In this action, Plaintiffs complain that the evaluation instrument used by the Garden City School District in 2011–12 was developed and implemented unilaterally by the District. They allege that, sometime in September 2011, school administrators informed the GCEA and its members of the particulars of a new evaluation instrument that would be used to evaluate teacher performance. [Amended Complaint, ¶ 8.] Additionally, during the course of the 2011–12 school year, two additional evaluation instruments were also implemented for Teacher Consultants and Teacher/Speech Pathologists. Id. ¶ 12. According to Plaintiffs, neither the teachers nor the GCEA had any input or participation in the development of the evaluation instruments. Id. ¶¶ 9, 13.

On June 4, 2012, Defendant's Board of Education announced the indefinite layoffs of Plaintiffs Cozza and Nutt, and 23 other Teacher Consultants and Teacher/Speech Pathologists, 24 of whom are tenured. According to Plaintiffs, Defendant selected 23 of the 25 individuals for layoff based exclusively on the evaluation scores they received under the District's new evaluation system. Id. However, in selecting two additional teachers for layoff (whom Plaintiffs do not identify), Defendant allegedly ignored their evaluation scores and instead used their seniority as the determining criteria for layoff. Id. Plaintiffs do not dispute that all of the laid off teachers have been recalled except for Plaintiff Cozza who elected to retire.
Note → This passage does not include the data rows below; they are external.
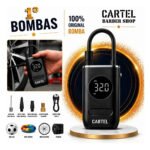 Mini Compressor Digital Portátil Cartel Barber Shop para Carro Moto e Bicicleta com Calibrador Digital Inflador Elétrico de Pneus 12V Display LCD Lanterna LED Compacto e Recarregável Preto
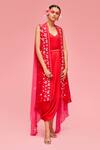 Buy_Nachiket Barve_Chiffon Satin Dress And Embroidered Cape Set_at_Aza_Fashions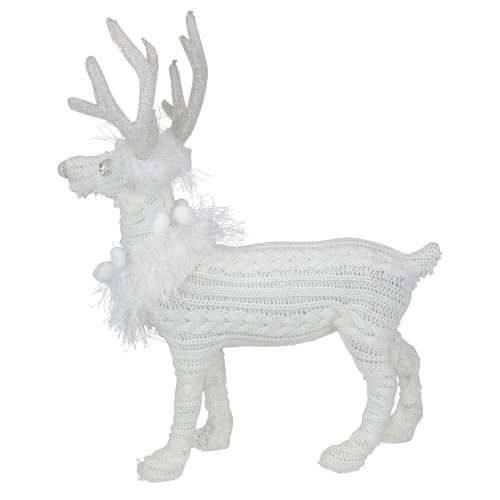 Cable Knit Sweater Standing Reindeer Christmas Figure - 13.5" - White
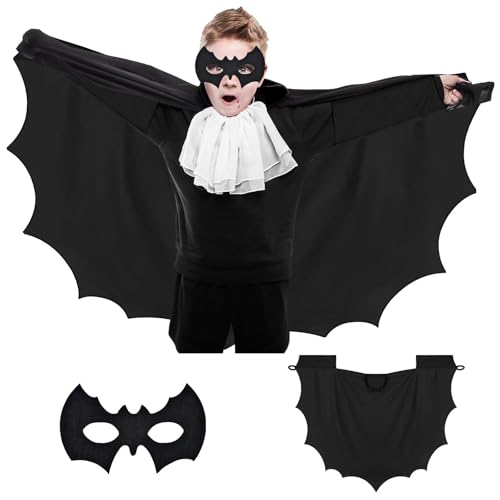 QBilooty Bat Costume Mask 2-Piece Bat wings Vampire Costume Vampirina Cape Black Halloween Costume for Children Aged 3-13 Years Carnival (43.3in/31.5in)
The GCEA, and Plaintiffs Nutt and Cozza contend in this lawsuit that in unilaterally developing and implementing the evaluation system used in 2011–12 without input or participation by the union or the teachers, and in using, in the case of two (unidentified) individuals, seniority, and not teacher performance, as the determining factor in the layoff decision, the School District violated M.C.L. § 380.1249. As a result of this alleged statutory violation, Plaintiffs claim they are entitled to recover as damages their lost salaries and benefits, plus interest, costs and attorney fees, and are further entitled to an injunctive order directing the School District to immediately discontinue using the evaluation instruments at issue and to remove from all files the evaluations, evaluation scores and related materials of all teachers employed by it during the 2011–12 school year. Plaintiff Cozza and Nutt further claim that they are entitled to recover their tenured teaching positions.

The School District now moves for judgment on the pleadings on all of Plaintiffs' claims against it.

III. ANALYSIS

B. PLAINTIFFS LACK STANDING TO BRING A CLAIM UNDER § 300.1249… [teacher performance evaluation system]

C. PLAINTIFFS HAVE FAILED TO STATE A CLAIM UPON WHICH RELIEF CAN BE GRANTED UNDER SECTION… [state reduction in force code]

D. PLAINTIFFS HAVE FAILED TO STATE A CLAIM FOR VIOLATION OF THEIR CONSTITUTIONAL DUE PROCESS RIGHTS

In Count II of their Complaint, Plaintiffs Cozza and Nutt assert a claim of violation of their due process rights under the Michigan and United States Constitutions. When the government seeks to deprive a person of a property right, due process requires a “hearing appropriate to the nature of the case.” Mullane v. Central Hanover Bank & Trust Co., 339 U.S. 306, 313, 70 S.Ct. 652, 94 L.Ed. 865 (1950); Rockwell v. Board of Education, 393 Mich. 616, 633, 227 N.W.2d 736 (1975). In the case of teacher tenure in Michigan, that right is defined by the Teacher Tenure Act, M.C.L. § 38.71 et seq.

Neither party denies that Plaintiffs Cozza and Nutt have vested property rights in their tenured teaching positions: There is no question that a public employee that has received tenure through state law has a property interest as defined by state law. Cleveland Bd. of Educ. v. Loudermill, 470 U.S. 532, 542, 105 S.Ct. 1487, 84 L.Ed.2d 494 (1985);Bd. of Regents v. Roth, 408 U.S. 564, 577, 92 S.Ct. 2701, 33 L.Ed.2d 548 (1972). However, a state law that grants a property interest may define the boundaries of that property interest. Roth, supra. In other words, the state law that creates the interest can define what the interest is, how it may be gained, and how it may be taken away.